CHAMPAIGN, Ill. -- Putting the label "Grandma's" on unappealing vegetables like lima beans or those awful legumes may be the way to lure Americans to eat them, according to the findings of a University of Illinois study.
Illinois researchers found that adding a label like "Grandma's" to restaurant menu items prompted more people to buy the dishes and to rate them as having higher quality and being a better value.
Brian Wansink, a marketing and nutritional science professor, thinks moms may be able to use the same tactic to get kids to eat things that are good for them but generally fall into the category of yucky.
"That's kind of our next step," Wansink said. "We're almost positive that the same thing will work."
In the restaurant study, labels such as "Grandma's Zucchini Cookies," "Tender Grilled Chicken," and "Traditional Cajun Red Beans and Rice" increased sales by 27 percent over the same items labeled simply zucchini cookies, grilled chicken and red beans and rice.
Moreover, customers not only bought increased quantities of the labeled items, they were happier about it and more likely to return as a result.
"People thought it looked better; they thought it tasted better; they felt it had more calories" and they felt fuller, said Wansink, who did the study with James Painter, an Illinois nutritional science professor, and researcher Koert Van Ittersum.
"It was the exact same stuff," he said. "All we did was change a little bit of the description."
Wansink and colleagues came up with the idea for the study after a previous test involving candylike energy bars containing soy protein.

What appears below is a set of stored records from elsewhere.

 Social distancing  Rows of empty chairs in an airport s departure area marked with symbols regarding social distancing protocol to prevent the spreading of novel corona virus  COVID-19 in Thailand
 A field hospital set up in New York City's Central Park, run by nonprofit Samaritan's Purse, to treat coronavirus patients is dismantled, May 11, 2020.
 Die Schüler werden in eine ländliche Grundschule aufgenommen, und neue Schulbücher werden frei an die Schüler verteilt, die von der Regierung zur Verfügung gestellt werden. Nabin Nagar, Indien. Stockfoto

In that study, they found consumers rated the bars as tasting better if they were labeled as containing "protein" instead of "soy protein." The word "soy" influenced taste perception, even though there was no actual difference.
For the food study, they came up with labels in three categories; geographic, such as Cajun and Southwestern; nostalgic, such as Grandma's and homestyle; and sensory, such as tender and succulent.

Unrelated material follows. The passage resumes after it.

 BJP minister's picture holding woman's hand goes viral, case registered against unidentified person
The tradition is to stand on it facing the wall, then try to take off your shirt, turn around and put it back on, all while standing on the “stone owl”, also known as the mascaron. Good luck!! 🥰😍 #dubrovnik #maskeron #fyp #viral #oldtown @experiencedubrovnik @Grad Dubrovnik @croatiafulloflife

Over six weeks in the university's Bevier Hall cafeteria, they tested whether "Satin Chocolate Pudding" and "Homestyle Chicken Parmesan" would do better than their label-less counterparts.

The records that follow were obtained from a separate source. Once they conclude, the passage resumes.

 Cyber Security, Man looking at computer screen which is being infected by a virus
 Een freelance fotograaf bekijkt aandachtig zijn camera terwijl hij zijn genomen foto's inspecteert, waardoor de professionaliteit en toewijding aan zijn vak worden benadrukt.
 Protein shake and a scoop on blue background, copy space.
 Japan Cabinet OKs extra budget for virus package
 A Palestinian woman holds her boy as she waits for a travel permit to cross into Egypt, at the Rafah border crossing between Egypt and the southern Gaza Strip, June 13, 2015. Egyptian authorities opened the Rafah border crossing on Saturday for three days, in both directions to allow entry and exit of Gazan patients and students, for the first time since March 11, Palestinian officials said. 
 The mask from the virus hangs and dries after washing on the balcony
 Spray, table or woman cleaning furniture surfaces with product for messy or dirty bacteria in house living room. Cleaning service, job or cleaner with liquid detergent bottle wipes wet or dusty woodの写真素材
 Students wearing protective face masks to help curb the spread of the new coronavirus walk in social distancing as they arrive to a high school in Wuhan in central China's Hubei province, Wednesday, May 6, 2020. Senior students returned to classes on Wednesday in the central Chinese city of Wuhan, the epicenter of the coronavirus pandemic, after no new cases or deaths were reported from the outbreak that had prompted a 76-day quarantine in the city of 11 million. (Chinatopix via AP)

Only after they selected a test item and paid for it were cafeteria customers asked to complete a survey on its quality and how satisfying it was when they finished eating.
In every case, the labeled items were rated higher than the non-labeled items, clearly showing a "power of suggestion over senses," Wansink said.
One thing customers didn't say they would do is pay more for the labeled items, however.